COVID-19 has presented challenges for DreamPlay, as it has for so many businesses. Work dried up initially and has been slowly trickling back. But the break has given Alves time to rethink the business, and one result has been to let DreamPlay Media remain a creative agency and production house and spin off its research and strategic- and innovation-consulting side to a new entity called ExternalBoldinary, which will give him more flexibility and help drive revenue.
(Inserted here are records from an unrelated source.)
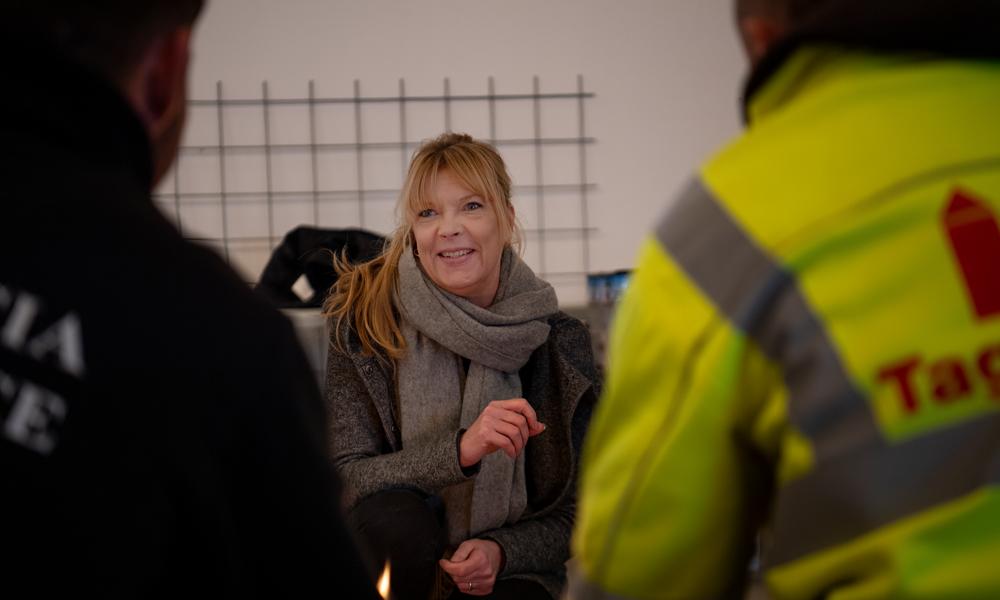 Karin Askholm har brugt det meste af sit arbejdsliv på at arbejde med socialt udsatte unge. Blandt andet har hun drevet forskellige bosteder. Karin Askholm har brugt det meste af sit arbejdsliv på at arbejde med socialt udsatte unge. Blandt andet har hun drevet forskellige bosteder.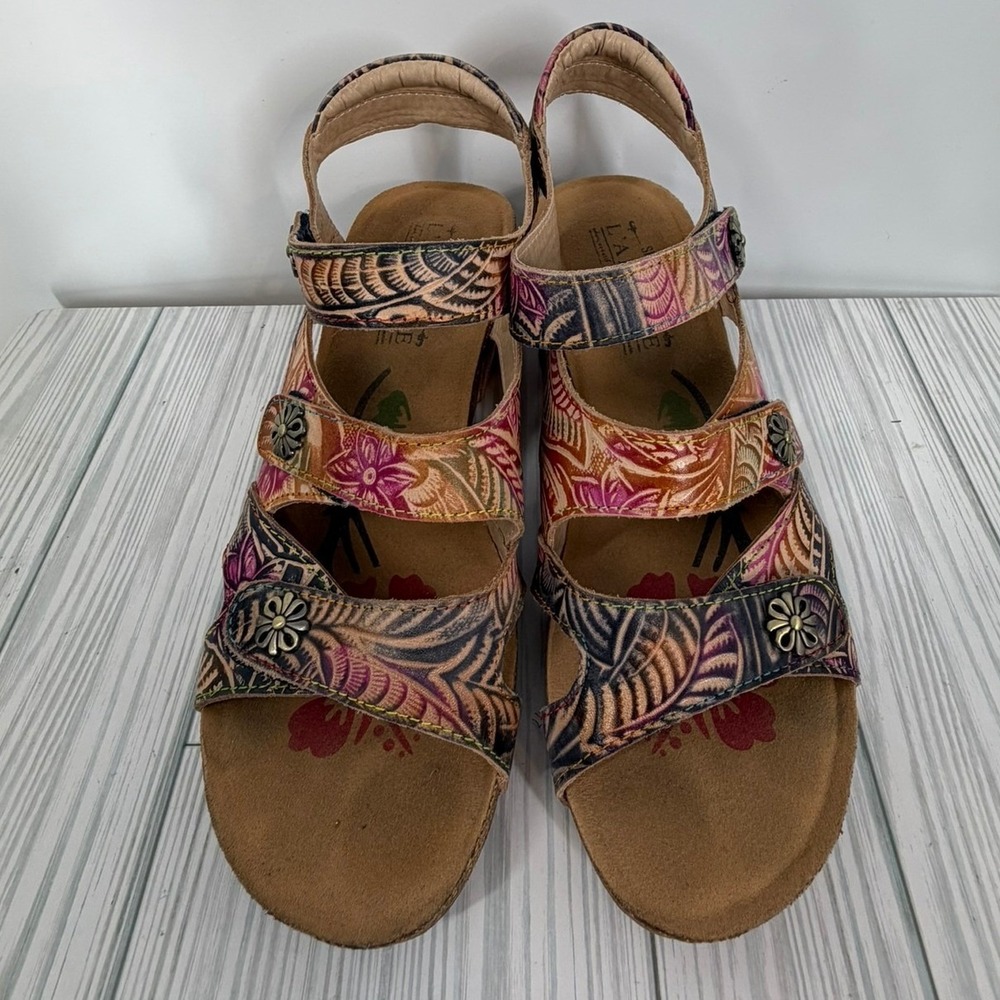 L'Artiste Bonvoyage Sandals Floral Embossed Leather Women's Size 39/8 US - Picture 4 of 10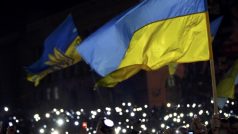 Část demonstrantů na Majdanu požaduje okamžité odstoupení prezidenta Janukovyče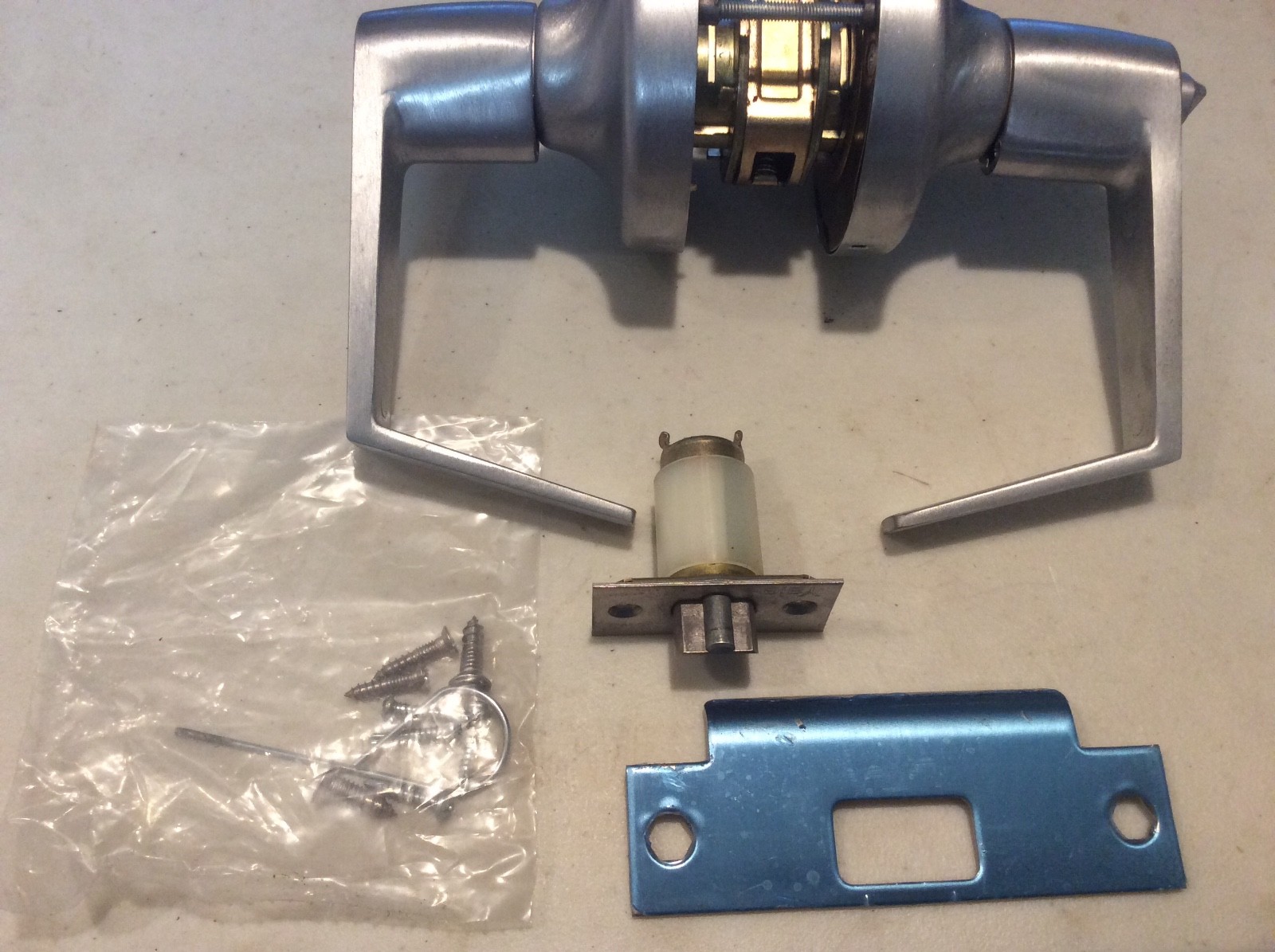 Yale brand original Grade 2 commercial entry level lockset, 626 finish locksmith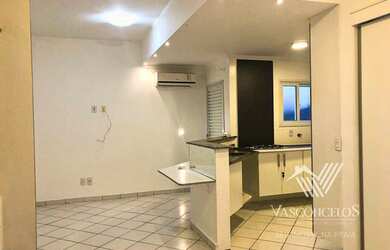 Imagem: O apartamento possui 1 Dormitório, 1 Banheiro, 1 Vaga na garagem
Alves’ other goal is to get more production and distribution backing so the company can continue its DreamPlayTV projects, which are time-consuming and costly, and distribute the work at greater scale. Meanwhile, he’ll continue to evangelize for Newark to move beyond the tired portrayals saturating the mainstream media.

“We’ve tried to shine a light on the people and organizations in Newark, in a sustained effort to tell these stories,” said Alves. “And our goal has been to change the narrative of Newark not just by telling but by showing how great this city is. Our intent is to continue doing this, telling intimate stories that resonate with those inside and beyond the city so we recast Newark as the special place that it is.”